I’ve listened to this album an unholy amount of times. It’s so good, and really shows the depth of Tori Kelly’s voice and her growth as an artist. She’s one of the most underrated singers in recent history, and if you do nothing else with your time, listening to this album — ON REPEAT — will change your life. Thank me later.

— Meghan L. Hall

If you don’t know WHY? or frontman Yoni Wolf, what better time than now to dive into one of the most underrated catalogues of the past few decades. One of the most unique and singular talents in music, few have a knack for storytelling and lyricism and songwriting quite like this idiosyncratic band. Sometimes heartbreaking but always clever, they scratch an itch in my brain, and I’m always craving more.

— Kalbrosky

I feel like I’ve been a fan of Kacey Musgraves since I saw her perform “Follow Your Arrow” at the 2014 Grammys.

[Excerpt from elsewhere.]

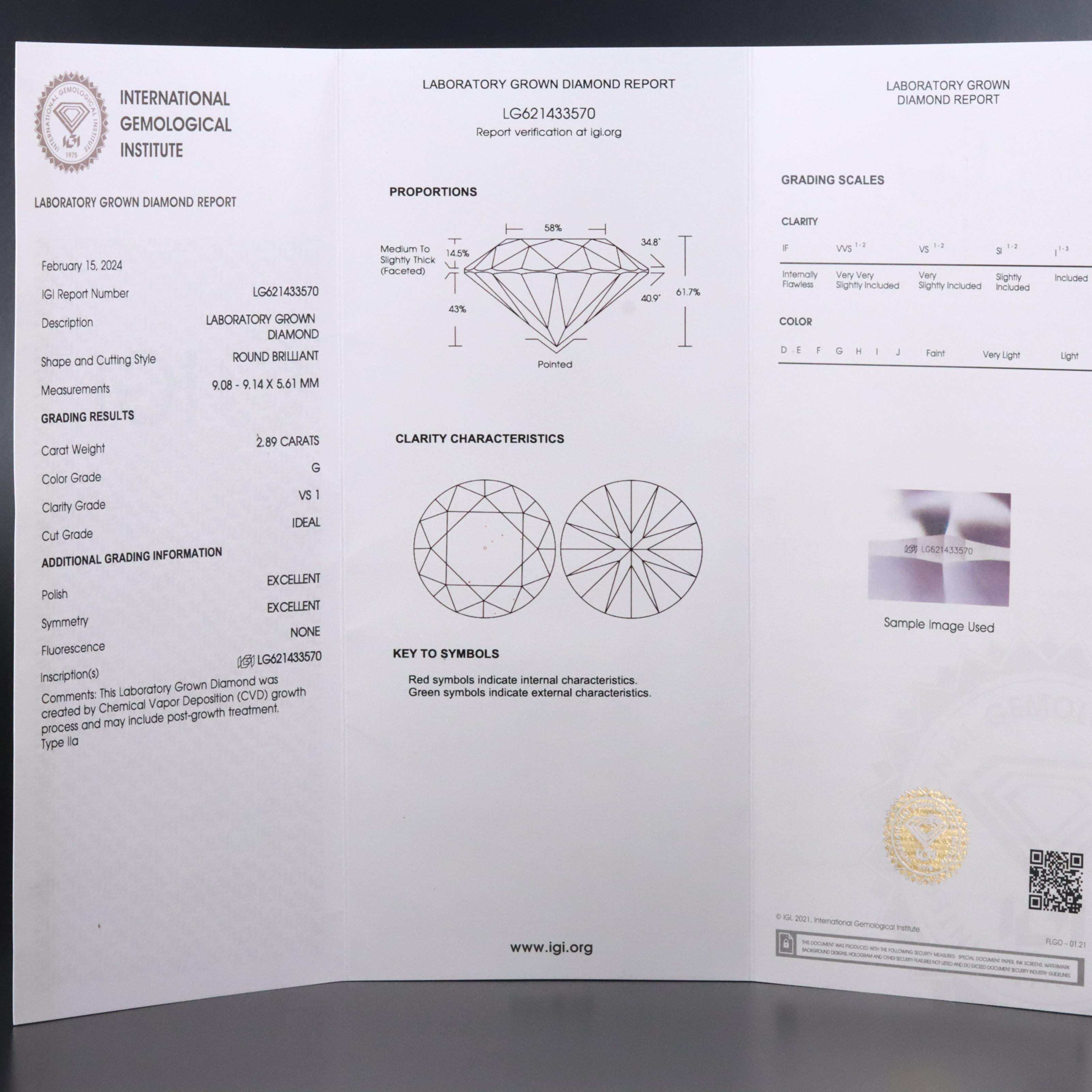 Loose 2.89 CT Lab Grown Diamond with IGI Report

In the 10 years since, she’s evolved and grown up with her music. You can still hear some of her John Prine-like singer-songwriter folk roots on Deeper Well, but she also mixes in soft rock and pop, and draws from all sorts of sounds – from ukeleles to flutes to violins to steel guitars. The songs are politically aware and clear-eyed, and Musgraves is revealing and down-to-earth. The opening track, “Cardinal” might be the catchiest and my personal favorite, while “The Architect” is perhaps the most powerful. Ultimately, this is an album where you can feel Musgraves grappling with being in her mid-30s and taking stock of what’s important to her.

— Mitchell Northam

Mk.gee was a new discovery for me in 2024 and this album became an immediate addiction that is probably not getting enough credit. Entirely self-produced at home, I’d trust this guy to soundtrack any emotion I’m experiencing in my life if my life were a movie or TV Show.

— Kalbrosky

Our new pop princess came in to save the summer (and fall and winter) with her unbelievably catchy “Espresso” and then followed it up with a somehow even catchier “Please, Please, Please.” Her Short n’ Sweet album is exactly that — it only runs 36 minutes — but it’s wall-to-wall bangers to make it her breakout. Carpenter knows exactly who she is and she is so refreshing. Short n’ Sweet is funny and clever and heartbreaking and wonderful. Any time you can get a twangy bop like “Slim Pickins” and something like “Taste” on the same album, it’s a massive win.

— Darney

There was so much beef in hip-hop this year, and this is the album that started it all. Future and Metro Boomin’s We Don’t Trust You is arguably the most pivotal album of the year.

— Sykes

This is yet another great album by Vampire Weekend, who came onto the scene in 2008, and have released exclusively good music since then even as the world keeps changing around them. I saw them perform this album at Madison Square Garden, and it was a highlight of my year. Ezra Koening is such a delightful frontman of what is perhaps the best American rock band of this century.